Re: OT: writing resumes with VT100 for a Lisp job

From: rem642b_at_Yahoo.Com (RobertMaas_at_YahooGroups.Com)
Date: 08/12/04


Date: Wed, 11 Aug 2004 17:31:10 -0700

Part 2 of very long reply I haven't yet finished composing:

--> http://www.paulgraham.com/sofar.html
(regarding sharing a blacklist of domains of spamvertised WebSites)
   To take advantage of this kind of information, we should ideally delay
   filtering as long as possible. I.e. filter when the user checks his
   mail, not when it arrives at the server. By the time you check your
   mail, odds are that any spam that made it into in your inbox has
   already been seen by thousands of people.
So you log in, see you have 200 new messages, open your MUA, it sits
there for ten minutes checking all those messages, finally after you
are totally running out of patience because you really had only two
minutes before you wanted to get offline to free your phone line for an
important call, your MUA finally says you have no new messages, all the
200 were spam. Further, all those 200 spam are filling up your disk
space, instead of rejected by the SMTP server in the first place.
Further, one of those 200 is an important message that was mistakenly
recognized as spam and which you won't see until it's too late, and the
sender won't have any idea why you haven't responded yet.

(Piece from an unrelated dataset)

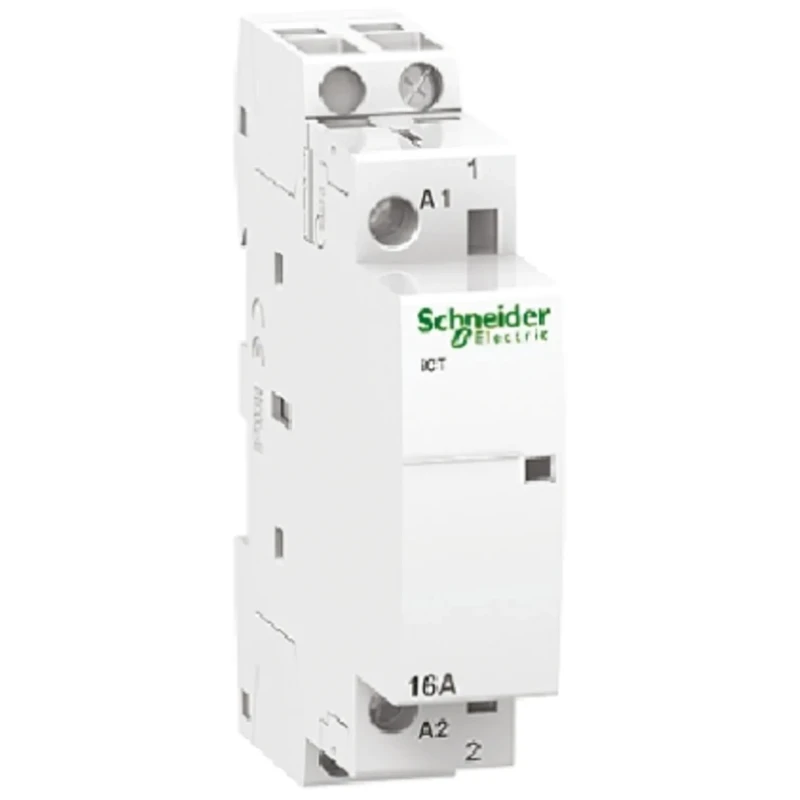 Schneider Electric Acti9 iCT Contactor 230V AC Coil, 1-Pole, 16A, 1.3W Power Rating, DIN Rail Mount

--> http://www.paulgraham.com/ffb.html
(Regarding auto-fetching WebPage for any URL in suspected spam:)
   Auto-retrieving spam filters would drive
   the spammer's costs up, and his sales down: his bandwidth usage would
   go through the roof, and his servers would grind to a halt under the
   load, which would make them unavailable to the people who would have
   responded to the spam.
I like the idea because the counter-attack is scaled with the actual
amount of spam that goes out. Somebody innocently sending spam to 20
friends wouldn't be attacked hardly at all, but somebody sending spam
to 50 million addresses would be bit back severely if a sizeable
fraction of those victims used auto-fetching filters.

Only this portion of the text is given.